憲法の番人である最高裁が自衛権について下した唯一の判決というのは、いわゆる昭和三十四年の砂川判決でありますが、その砂川判決においては、国の存立を全うするための必要な自衛の措置はとり得ると言っています。必要な自衛の措置のうち個別的自衛権はいいが集団的自衛権はだめだなんて、一言もそこの中では言っていないわけであります。
中には、あのころの裁判官の頭の中には集団的自衛権なんというものはなかったなんて失礼なことを言う人もいますが、判決本体の中にはっきり、国連憲章は個別的自衛権と集団的自衛権を各国に与えていると書いてあるんです。

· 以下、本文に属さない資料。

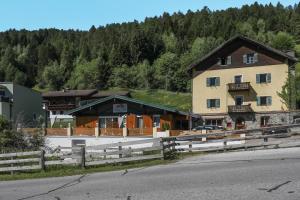 a large building with a fence in front of a house at Apartment Blaser in Mühlbachl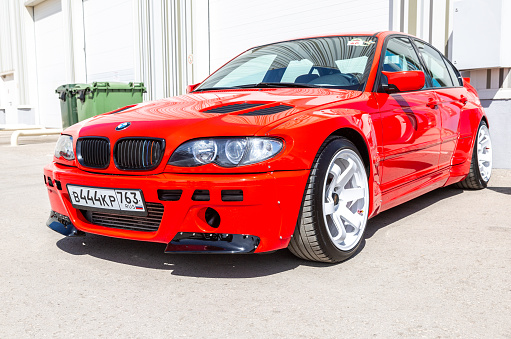 Samara, Russia - May 8, 2022: Red BMW E46 vehicle (2002) with low profile tires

そして、その上で、さらに、一見明白に違憲でない限り安全保障法制については内閣と国会に委ねる、こういうふうに書いてあります。
確かに、前の政府見解では、その砂川判決の法理、法の理屈を引いた上で、そのころの安全保障環境に当てはめて、集団的自衛権は必要な自衛の措置に入らないと思ったんでしょう、できない、こう書いています。
ただ、今の安全保障環境に当てはめれば、必要な措置に当たるものがどういうものがあるか、こういうのを調べて、そしてその中に国際法的には集団的自衛権と言わざるを得ないものがある、だから集団的自衛権を一部認容しようとすることは何の立憲主義違反でもない。国会と内閣に委ねられているわけですから、内閣で意思を統一して、国会に法案を出して審議してもらう、最も正当、真っ当な手続を今やっている、こういうことだと思います。
その点についての総理のお考えをお伺いしたいと思います。